Provided entries ::
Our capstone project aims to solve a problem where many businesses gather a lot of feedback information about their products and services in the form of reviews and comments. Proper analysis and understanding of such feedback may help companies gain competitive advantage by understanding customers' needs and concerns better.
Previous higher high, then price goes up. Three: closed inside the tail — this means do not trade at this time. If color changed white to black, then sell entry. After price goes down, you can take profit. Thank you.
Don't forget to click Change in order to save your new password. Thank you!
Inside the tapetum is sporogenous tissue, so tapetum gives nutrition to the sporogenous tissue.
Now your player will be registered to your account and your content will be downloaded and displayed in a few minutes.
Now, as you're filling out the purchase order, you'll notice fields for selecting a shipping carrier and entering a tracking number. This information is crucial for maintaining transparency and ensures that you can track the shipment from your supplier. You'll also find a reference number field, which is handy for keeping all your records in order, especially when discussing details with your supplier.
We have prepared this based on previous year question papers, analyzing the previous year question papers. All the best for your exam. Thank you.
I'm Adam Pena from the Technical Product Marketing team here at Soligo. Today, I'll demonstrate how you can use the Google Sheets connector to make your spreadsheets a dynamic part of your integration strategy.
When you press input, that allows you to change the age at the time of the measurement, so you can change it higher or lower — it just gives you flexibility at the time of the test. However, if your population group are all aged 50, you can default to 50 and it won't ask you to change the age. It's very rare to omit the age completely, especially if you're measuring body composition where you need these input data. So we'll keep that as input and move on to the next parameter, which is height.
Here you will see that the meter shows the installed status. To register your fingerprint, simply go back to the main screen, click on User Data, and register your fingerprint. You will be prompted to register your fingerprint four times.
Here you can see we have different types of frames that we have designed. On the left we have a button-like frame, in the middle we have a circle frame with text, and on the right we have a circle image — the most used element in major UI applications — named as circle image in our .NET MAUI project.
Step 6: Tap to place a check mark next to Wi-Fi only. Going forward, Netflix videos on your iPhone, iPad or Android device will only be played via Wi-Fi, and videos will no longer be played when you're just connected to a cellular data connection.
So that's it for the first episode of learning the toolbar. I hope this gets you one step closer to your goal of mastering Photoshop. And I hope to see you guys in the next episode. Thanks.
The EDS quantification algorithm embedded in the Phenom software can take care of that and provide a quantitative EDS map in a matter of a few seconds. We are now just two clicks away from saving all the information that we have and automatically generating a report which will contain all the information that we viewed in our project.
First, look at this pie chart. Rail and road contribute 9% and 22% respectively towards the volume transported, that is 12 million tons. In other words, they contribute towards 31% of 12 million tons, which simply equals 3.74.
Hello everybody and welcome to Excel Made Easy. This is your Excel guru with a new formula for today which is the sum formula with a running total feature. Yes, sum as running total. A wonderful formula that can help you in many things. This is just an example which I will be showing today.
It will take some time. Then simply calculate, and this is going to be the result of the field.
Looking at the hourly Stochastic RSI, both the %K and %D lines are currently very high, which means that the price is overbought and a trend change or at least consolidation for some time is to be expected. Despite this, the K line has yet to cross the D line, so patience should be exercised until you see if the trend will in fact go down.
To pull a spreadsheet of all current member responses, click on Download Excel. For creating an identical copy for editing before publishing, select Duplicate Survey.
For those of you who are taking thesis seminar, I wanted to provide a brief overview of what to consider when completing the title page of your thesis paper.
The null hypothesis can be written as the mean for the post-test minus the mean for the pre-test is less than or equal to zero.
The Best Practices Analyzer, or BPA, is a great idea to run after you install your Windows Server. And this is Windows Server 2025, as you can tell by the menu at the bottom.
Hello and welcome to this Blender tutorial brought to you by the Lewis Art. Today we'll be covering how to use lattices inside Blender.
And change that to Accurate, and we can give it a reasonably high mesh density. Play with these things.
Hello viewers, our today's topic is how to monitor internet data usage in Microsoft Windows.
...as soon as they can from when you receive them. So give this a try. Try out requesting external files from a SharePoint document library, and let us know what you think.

Directions :: Repeat each record above precisely as written.

Expected answer ::
Our capstone project aims to solve a problem where many businesses gather a lot of feedback information about their products and services in the form of reviews and comments. Proper analysis and understanding of such feedback may help companies gain competitive advantage by understanding customers' needs and concerns better.
Previous higher high, then price goes up. Three: closed inside the tail — this means do not trade at this time. If color changed white to black, then sell entry. After price goes down, you can take profit. Thank you.
Don't forget to click Change in order to save your new password. Thank you!
Inside the tapetum is sporogenous tissue, so tapetum gives nutrition to the sporogenous tissue.
Now your player will be registered to your account and your content will be downloaded and displayed in a few minutes.
Now, as you're filling out the purchase order, you'll notice fields for selecting a shipping carrier and entering a tracking number. This information is crucial for maintaining transparency and ensures that you can track the shipment from your supplier. You'll also find a reference number field, which is handy for keeping all your records in order, especially when discussing details with your supplier.
We have prepared this based on previous year question papers, analyzing the previous year question papers. All the best for your exam. Thank you.
I'm Adam Pena from the Technical Product Marketing team here at Soligo. Today, I'll demonstrate how you can use the Google Sheets connector to make your spreadsheets a dynamic part of your integration strategy.
When you press input, that allows you to change the age at the time of the measurement, so you can change it higher or lower — it just gives you flexibility at the time of the test. However, if your population group are all aged 50, you can default to 50 and it won't ask you to change the age. It's very rare to omit the age completely, especially if you're measuring body composition where you need these input data. So we'll keep that as input and move on to the next parameter, which is height.
Here you will see that the meter shows the installed status. To register your fingerprint, simply go back to the main screen, click on User Data, and register your fingerprint. You will be prompted to register your fingerprint four times.
Here you can see we have different types of frames that we have designed. On the left we have a button-like frame, in the middle we have a circle frame with text, and on the right we have a circle image — the most used element in major UI applications — named as circle image in our .NET MAUI project.
Step 6: Tap to place a check mark next to Wi-Fi only. Going forward, Netflix videos on your iPhone, iPad or Android device will only be played via Wi-Fi, and videos will no longer be played when you're just connected to a cellular data connection.
So that's it for the first episode of learning the toolbar. I hope this gets you one step closer to your goal of mastering Photoshop. And I hope to see you guys in the next episode. Thanks.
The EDS quantification algorithm embedded in the Phenom software can take care of that and provide a quantitative EDS map in a matter of a few seconds. We are now just two clicks away from saving all the information that we have and automatically generating a report which will contain all the information that we viewed in our project.
First, look at this pie chart. Rail and road contribute 9% and 22% respectively towards the volume transported, that is 12 million tons. In other words, they contribute towards 31% of 12 million tons, which simply equals 3.74.
Hello everybody and welcome to Excel Made Easy. This is your Excel guru with a new formula for today which is the sum formula with a running total feature. Yes, sum as running total. A wonderful formula that can help you in many things. This is just an example which I will be showing today.
It will take some time. Then simply calculate, and this is going to be the result of the field.
Looking at the hourly Stochastic RSI, both the %K and %D lines are currently very high, which means that the price is overbought and a trend change or at least consolidation for some time is to be expected. Despite this, the K line has yet to cross the D line, so patience should be exercised until you see if the trend will in fact go down.
To pull a spreadsheet of all current member responses, click on Download Excel. For creating an identical copy for editing before publishing, select Duplicate Survey.
For those of you who are taking thesis seminar, I wanted to provide a brief overview of what to consider when completing the title page of your thesis paper.
The null hypothesis can be written as the mean for the post-test minus the mean for the pre-test is less than or equal to zero.
The Best Practices Analyzer, or BPA, is a great idea to run after you install your Windows Server. And this is Windows Server 2025, as you can tell by the menu at the bottom.
Hello and welcome to this Blender tutorial brought to you by the Lewis Art. Today we'll be covering how to use lattices inside Blender.
And change that to Accurate, and we can give it a reasonably high mesh density. Play with these things.
Hello viewers, our today's topic is how to monitor internet data usage in Microsoft Windows.
...as soon as they can from when you receive them. So give this a try. Try out requesting external files from a SharePoint document library, and let us know what you think.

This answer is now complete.